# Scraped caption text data
=====

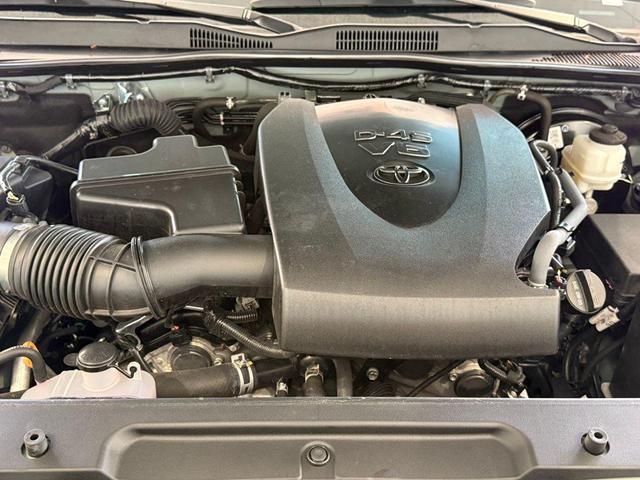 Photo of 2023 Lunar Rock Toyota Tacoma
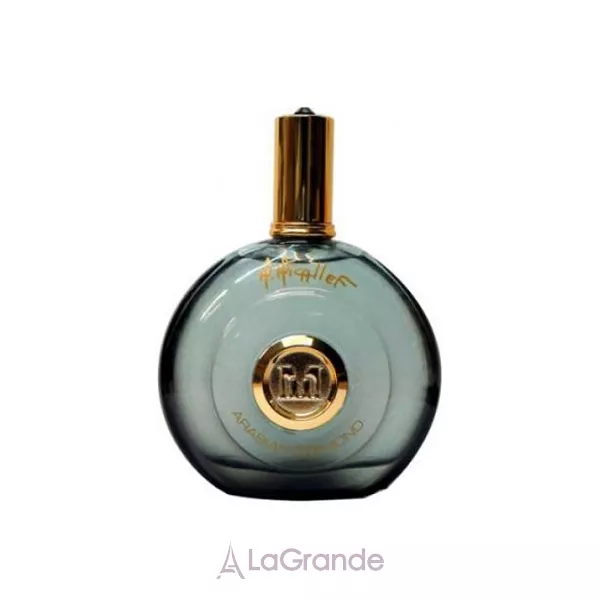 M. Micallef Arabian Diamond ��������������� ���� (������)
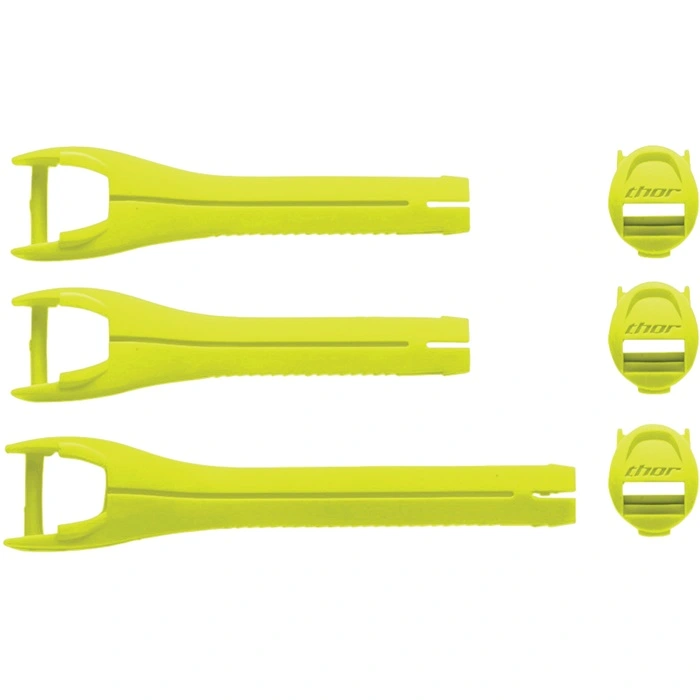 Kit de Correas para Botas Blitz Thor XR - Imagen 6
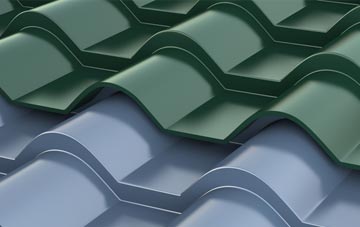 who should consider St Arvans plastic roofs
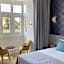 Tritoni Valletta Boutique Hotel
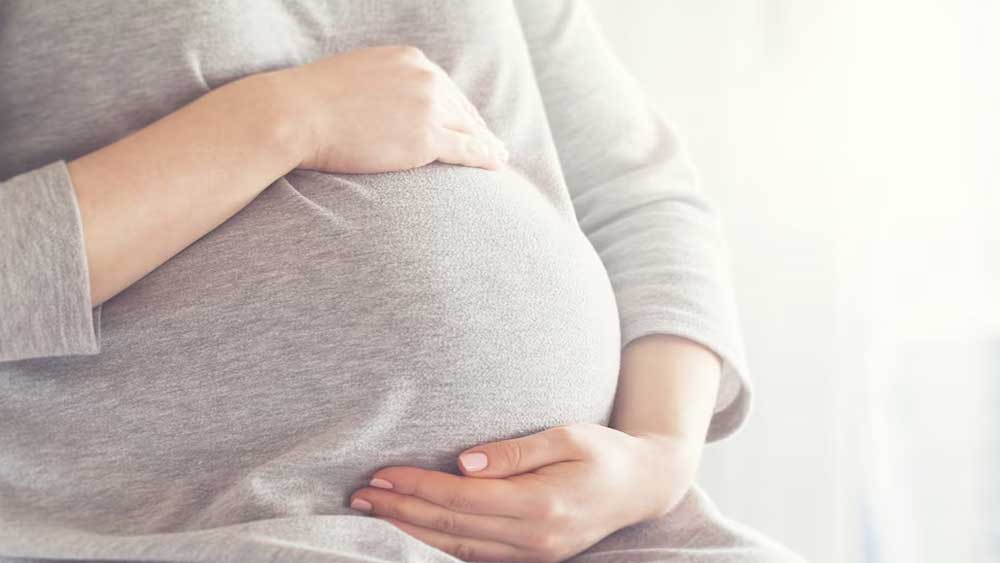 مصرف بادام هندی در دوران جنینی و یا بارداری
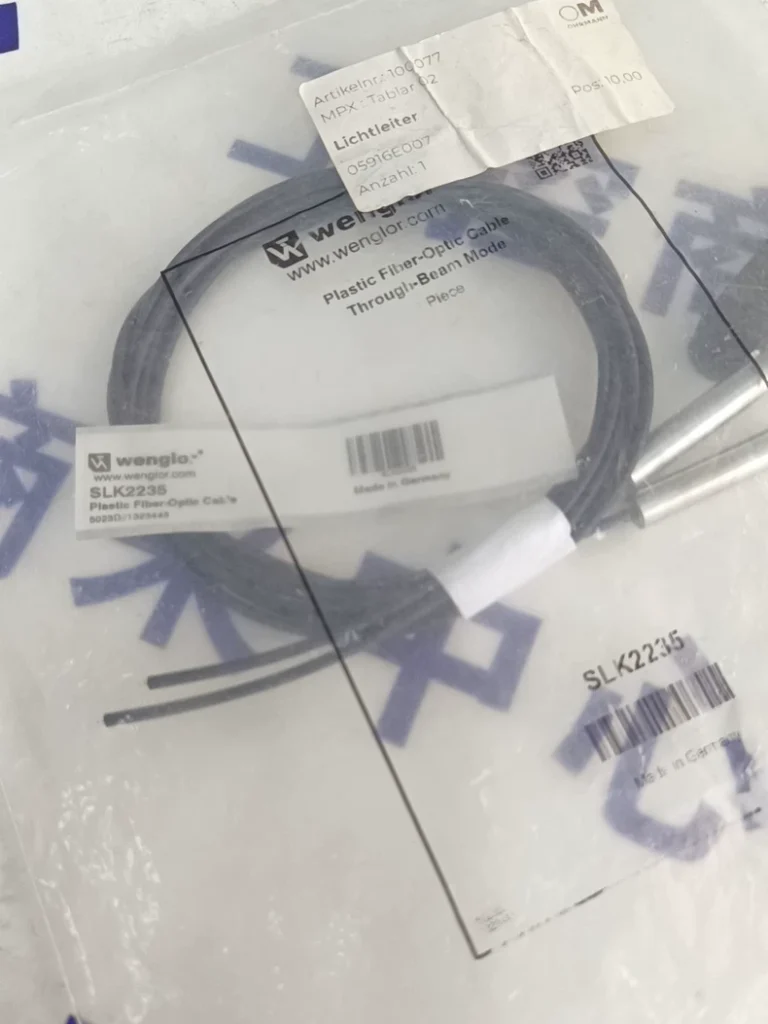 wenglor SLK2235 Sensor thumbnail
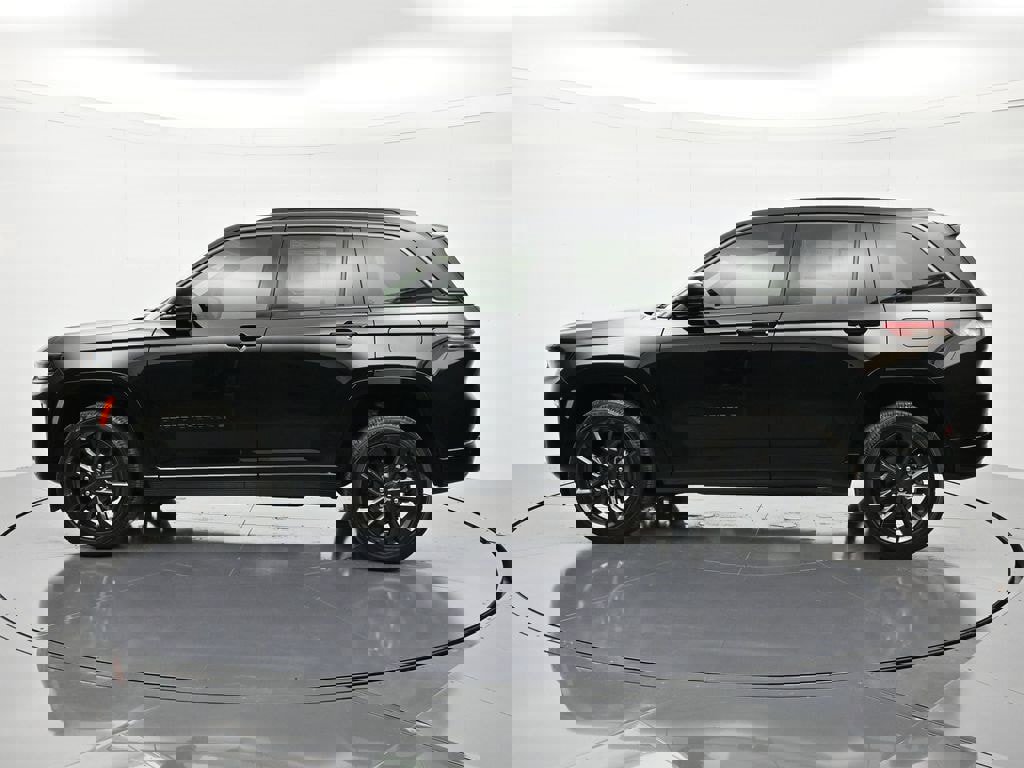 New 2026 Jeep Grand Cherokee Limited image 8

=====

Quote, please, only the lines running from the one with "مصرف بادام هندی در دوران جنینی و یا بارداری" down to the final line of the data above, keeping both ends and skipping the pictures.

 مصرف بادام هندی در دوران جنینی و یا بارداری
 wenglor SLK2235 Sensor thumbnail
 New 2026 Jeep Grand Cherokee Limited image 8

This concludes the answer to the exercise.